Paris Hilton and Floyd Mayweather have supported one, the world is buzzing about them, but what is an Initial Coin Offering?
Unless you’ve been living under a rock, it’s highly likely you’ve heard of Bitcoin and cryptocurrency in general. Many of you might just see it as deep-web wizardry, the currency of criminals and drug addicts, or even just a stupid fad. But like it or not, the world of cryptocurrency is here to stay, and savvy business people and famous socialites alike are looking to take advantage of that fact.
Back thousands of years ago in the 19th and 20th century, companies wanting to grow and expand would list themselves on the stock exchange and do something called an initial public offering. An initial public offering, more commonly known as an IPO, is basically a big fundraiser: businesses sell pieces of their company to a prospective buyer for a predetermined price. Companies get millions of dollars to fuel their enterprises, and buyers hopefully get profits from owning shares in a company that will rise exponentially in value. IPOs still happen very often; you may have heard of Snapchat recently ‘going public’ and holding an IPO. But lately, a new player has entered the ring, an initial coin offering, or ICO. An ICO is pretty much an IPO, but instead of shares in a company, buyers receive cryptocurrency instead. Entrepreneurs come forth with new ideas or themes for a cryptocurrency and get people to crowdfund it. There have been all sorts of coins, from DogeCoin and WeedCoin to more serious alternatives to Bitcoin like Ethereum and Zcash.
You now know what an ICO is, but that’s not very helpful without knowing what cryptocurrency is as well. Cryptocurrency is unsurprisingly a currency designed to work as a medium of exchange that operates through cryptographic means. The most well-known example of a cryptocurrency is Bitcoin. In 2009, the mysterious and anonymous Satoshi Nakamoto created Bitcoin: the first decentralised cryptocurrency. Bitcoin is a secure and decentralised means of paying anyone in the world anonymously, all you need is an internet connection. The freedom and lack of governmental interference excites many people with libertarian values. People that are disillusioned with the power that banks and governments enjoy, and their role in various economic crises, champion Bitcoin and the blockchain as the way of the future. I’m not going to discuss the blockchain and how it works, but the combination of Bitcoin and the blockchain represent to many the possibility of a more decentralised, equitable and egalitarian society that can function for the most part without excessive bureaucracy and corruption. But to many, this vision of the future doesn’t come close to the allure of the near A$5000 per coin price tag. People who dreamily imagine what it would’ve been like to buy Bitcoin at 10 cents a coin and sell for $5000 hungrily search for the next big cryptocurrency, ICO’s represent the market trying to cater to these voracious buyers.

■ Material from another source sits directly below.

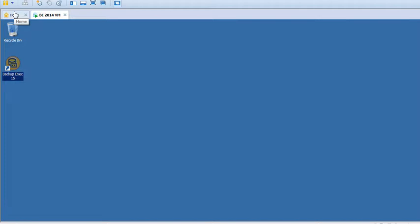Welcome to our Symantec Backup Exec tutorial. In this tutorial, I will be showing you how to make your storage offline and online, or disable your storage. It can be a tape library, your disk storage, or a backup disk folder.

Many argue that the onslaught of ICO’s are simply ‘get rich quick’ schemes, memes and fads that exploit people who think every new cryptocurrency will be as profitable as Bitcoin. Others argue that they represent something positive, improving awareness of cryptocurrency and fuelling innovation. Whatever your thoughts, right now we are all going to have to look on as Floyd Mayweather tries to get us to buy into the next big thing. Bitcoin and the blockchain are not without its flaws, and ICOs could pave the way for the currency of the future, but I won’t hold my breath over that new currency being pioneered by Paris Hilton.